Individual presentation

“The Student Pro-Palestinian Movement: Institutional Repression and Resistance”

Stephen Zunes
University of San Francisco
More than any student movement in recent decades, the pro-Palestinian movement in the United States has been met with unprecedented repression from university administrations and governments. Student organizations have been unrecognized, peaceful protests have been banned, participants have been jailed, student activists have been suspended and expelled, and non-citizens deported. The goals of the movement and the motivations of the activists have been repeatedly misrepresented by authorities and many in the media. This paper examines the reasons for this crackdown, comparing it to the relatively lenient responses to a comparable movement in the 1980s against apartheid South Africa, which also included protests, encampments, demands for a change in U.S. policy, expressions of solidarity with the oppressed, and calls for divestment. The paper acknowledges the presence of some extremist elements within the pro-Palestinian movement, the special sensitivities regarding Israel (including by otherwise liberal college administrators and political leaders), and pressure from politically-influential Zionist organizations.
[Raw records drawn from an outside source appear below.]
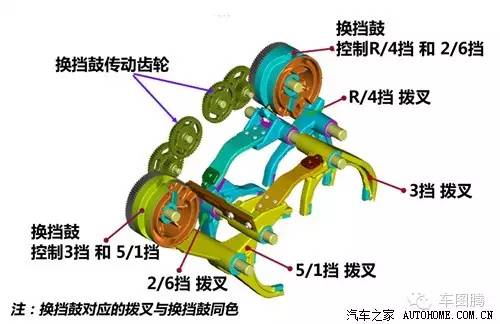 汽车小知识各种车型变速箱,一分钟看懂汽车保值率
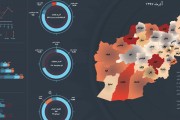 اینفوگرافی رویدادهای امنیتی افغانستان در آذر 97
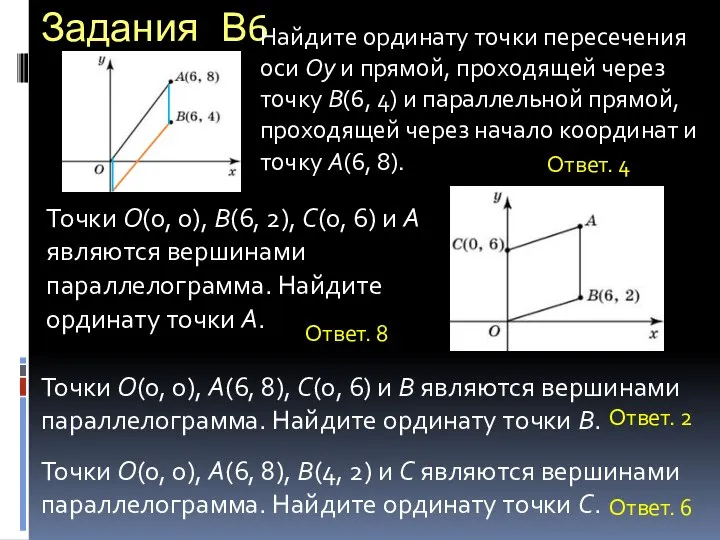 Задания В6 Найдите ординату точки пересечения оси Oy и прямой, проходящей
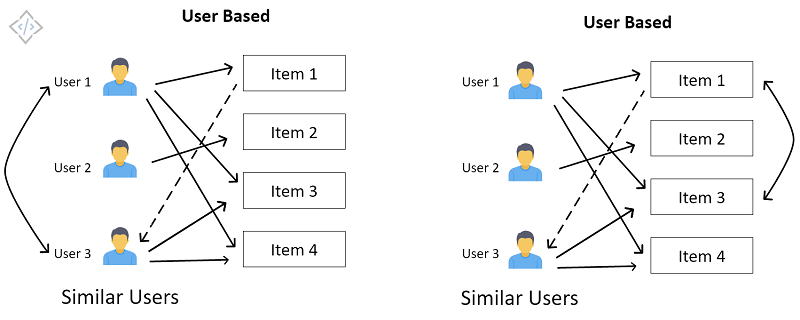 User-based-and-item-based-Collaborative-Filtering
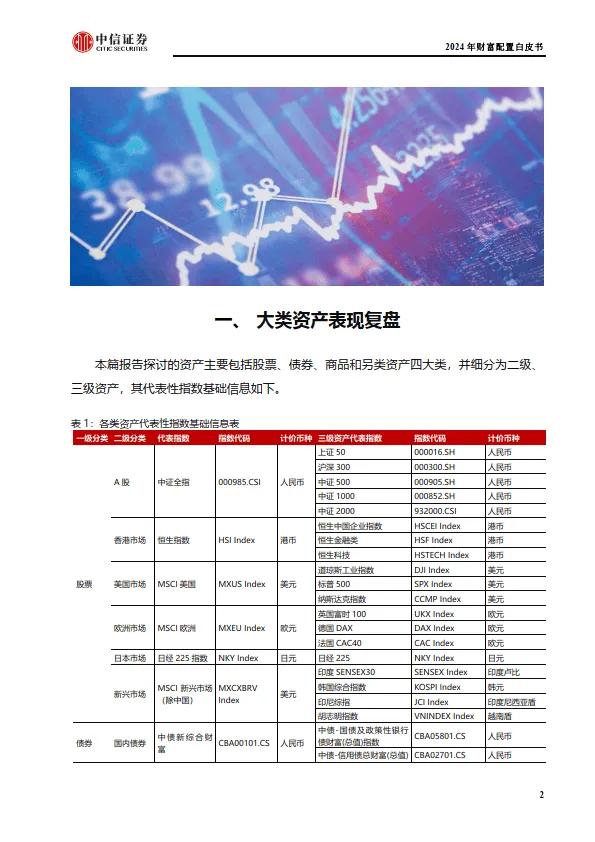 2024年香港正版资料免费下载及灵活操作方案_WYB9.17.23灵活版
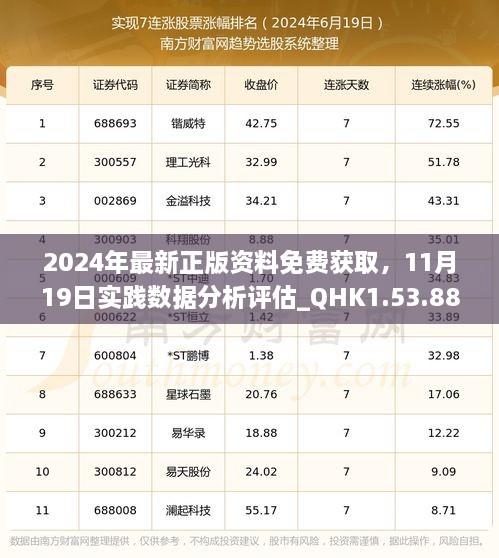 2024年最新正版資料免費(fèi)獲取，11月19日實(shí)踐數(shù)據(jù)分析評(píng)估_QHK1.53.88簡易版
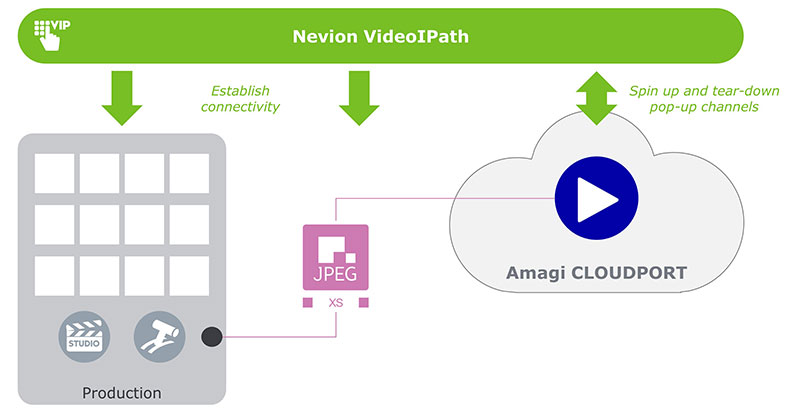 Amagi Nevion Workflow Diagram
However, the paper makes the case that the unprecedented bipartisan effort to stifle dissent must be seen in the context of a larger effort to suppress challenges to U.S. support for governments in violation of widely-recognized standards of human rights and international law, part of the grwoing efforts in Washington to undermine the post-WWII international legal system in favor of cruder forms of U.S. hegemonic reach. Indeed, it was the very successes of the BDS movement targeting South Africa which has led corporate leaders and foreign policy elites to take extraordinary means to stifle such dissent. The paper concludes with some analysis on how the popular resistance to U.S. support for the Israeli occupation, apartheid, and genocide could be strengthened in the face of such repression.